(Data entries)
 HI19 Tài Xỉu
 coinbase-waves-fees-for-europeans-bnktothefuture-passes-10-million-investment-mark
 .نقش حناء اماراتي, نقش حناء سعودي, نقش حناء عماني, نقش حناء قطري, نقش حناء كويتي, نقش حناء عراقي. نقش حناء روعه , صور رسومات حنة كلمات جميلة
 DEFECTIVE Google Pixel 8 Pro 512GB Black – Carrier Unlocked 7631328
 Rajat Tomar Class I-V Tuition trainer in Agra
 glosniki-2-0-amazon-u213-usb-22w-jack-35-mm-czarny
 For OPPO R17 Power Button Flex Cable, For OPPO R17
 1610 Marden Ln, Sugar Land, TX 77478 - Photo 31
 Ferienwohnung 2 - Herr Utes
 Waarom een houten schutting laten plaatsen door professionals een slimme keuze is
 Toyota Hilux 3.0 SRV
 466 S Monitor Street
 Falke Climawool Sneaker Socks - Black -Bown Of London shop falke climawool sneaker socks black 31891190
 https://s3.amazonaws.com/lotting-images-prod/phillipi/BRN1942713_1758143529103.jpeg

--

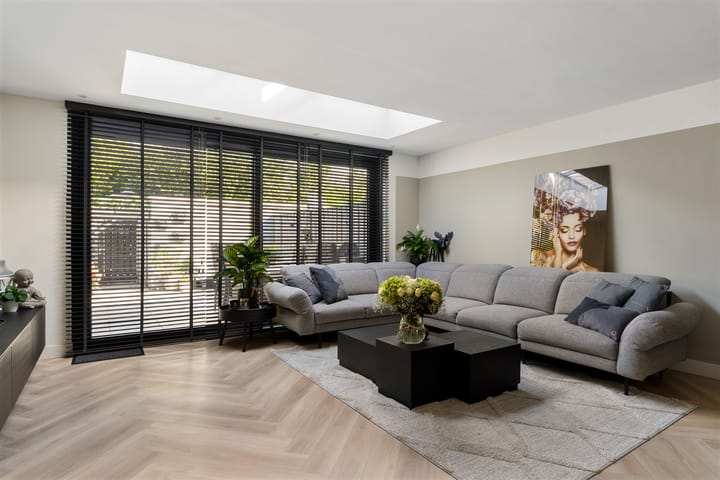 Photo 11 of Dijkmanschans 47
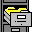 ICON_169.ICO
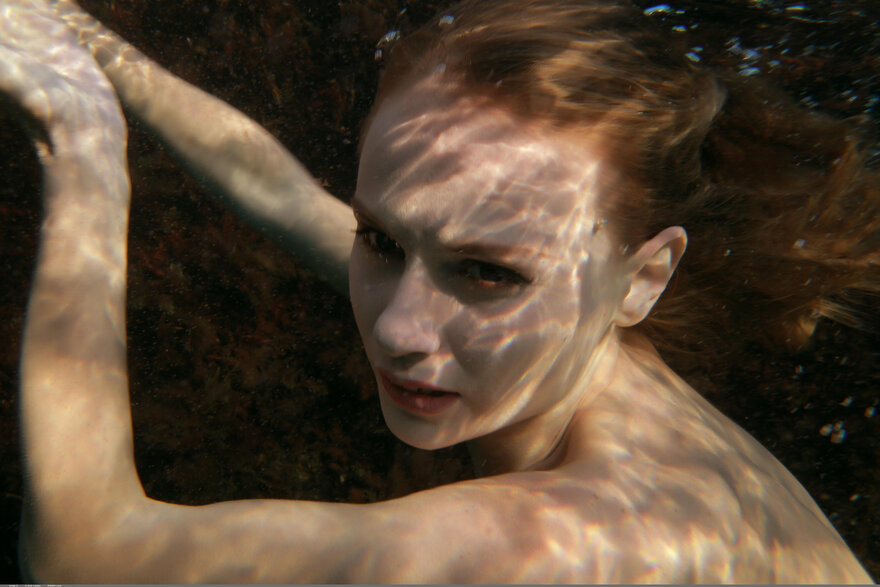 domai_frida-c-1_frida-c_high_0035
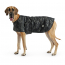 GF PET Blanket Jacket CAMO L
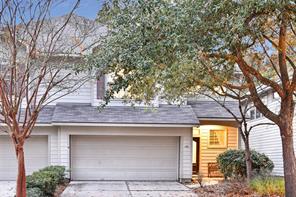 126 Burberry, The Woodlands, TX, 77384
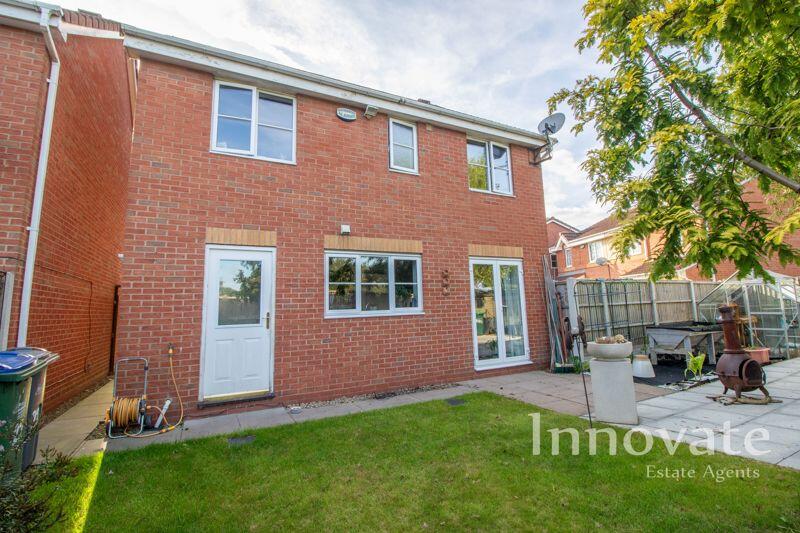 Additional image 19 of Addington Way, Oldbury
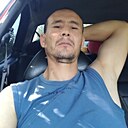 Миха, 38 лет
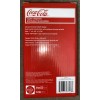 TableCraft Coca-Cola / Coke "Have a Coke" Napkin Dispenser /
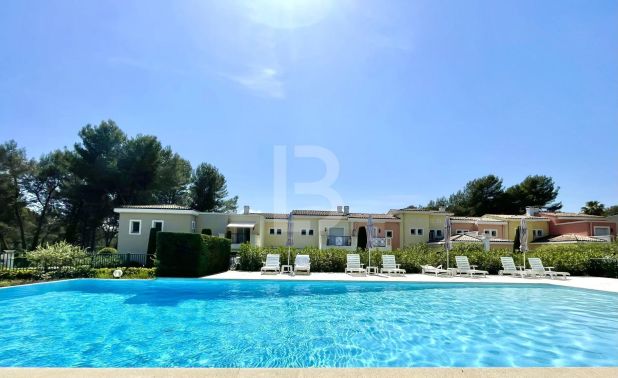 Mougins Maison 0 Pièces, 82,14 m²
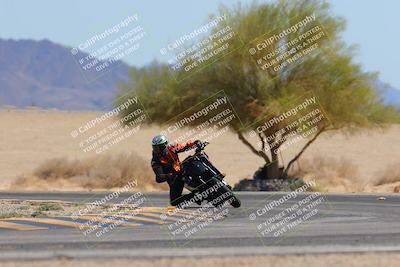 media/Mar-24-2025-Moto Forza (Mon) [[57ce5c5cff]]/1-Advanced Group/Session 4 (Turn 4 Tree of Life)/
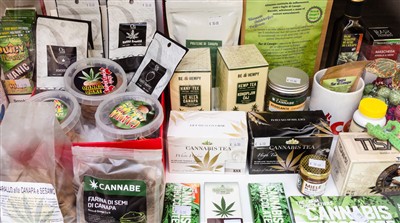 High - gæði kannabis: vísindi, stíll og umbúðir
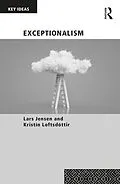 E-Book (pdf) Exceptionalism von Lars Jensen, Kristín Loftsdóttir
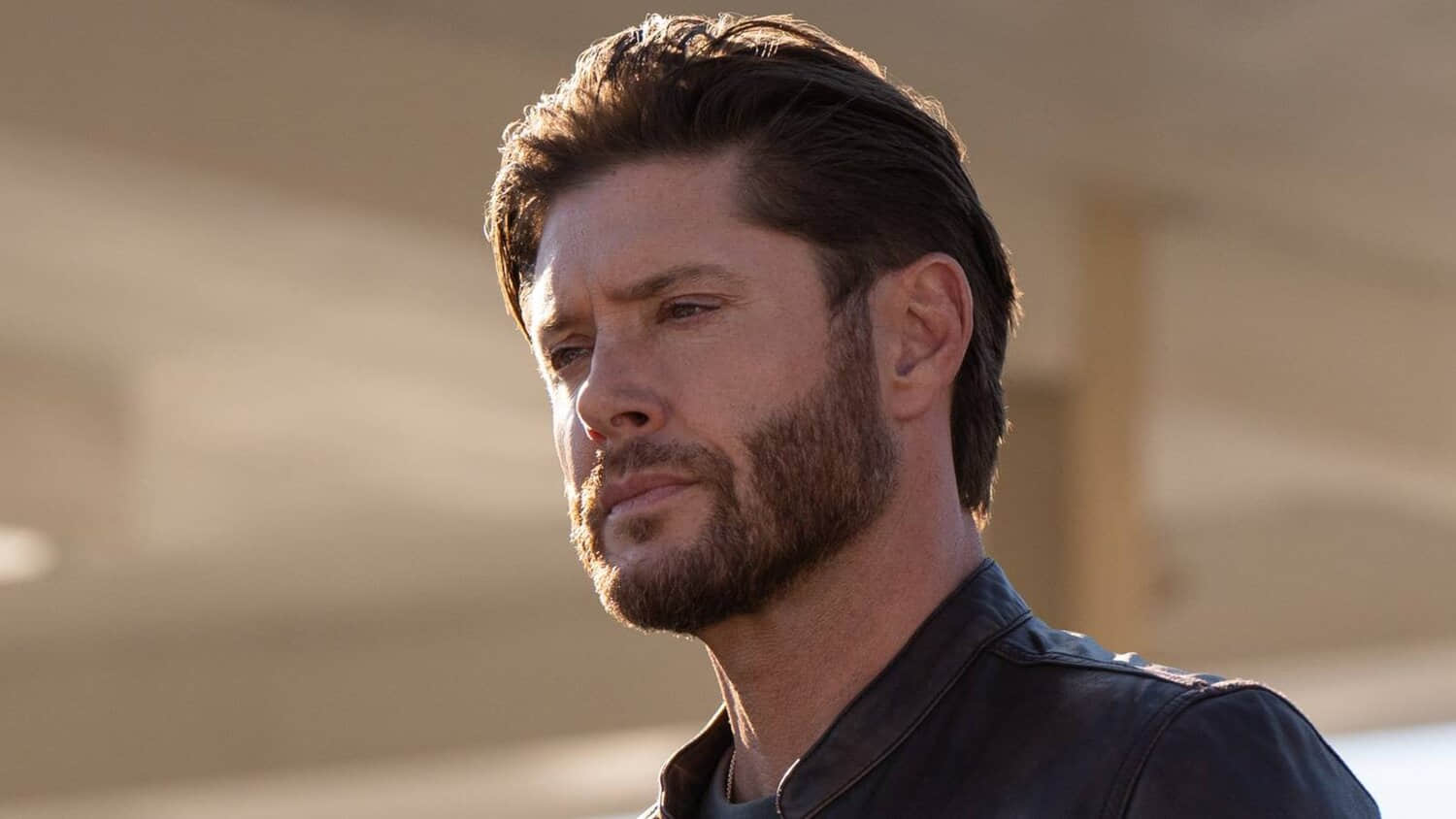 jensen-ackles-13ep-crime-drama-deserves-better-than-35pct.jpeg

### What you need to do
When a line of the data holds the string "Black", pick it out and copy it.

### Solution below
 DEFECTIVE Google Pixel 8 Pro 512GB Black – Carrier Unlocked 7631328
 Falke Climawool Sneaker Socks - Black -Bown Of London shop falke climawool sneaker socks black 31891190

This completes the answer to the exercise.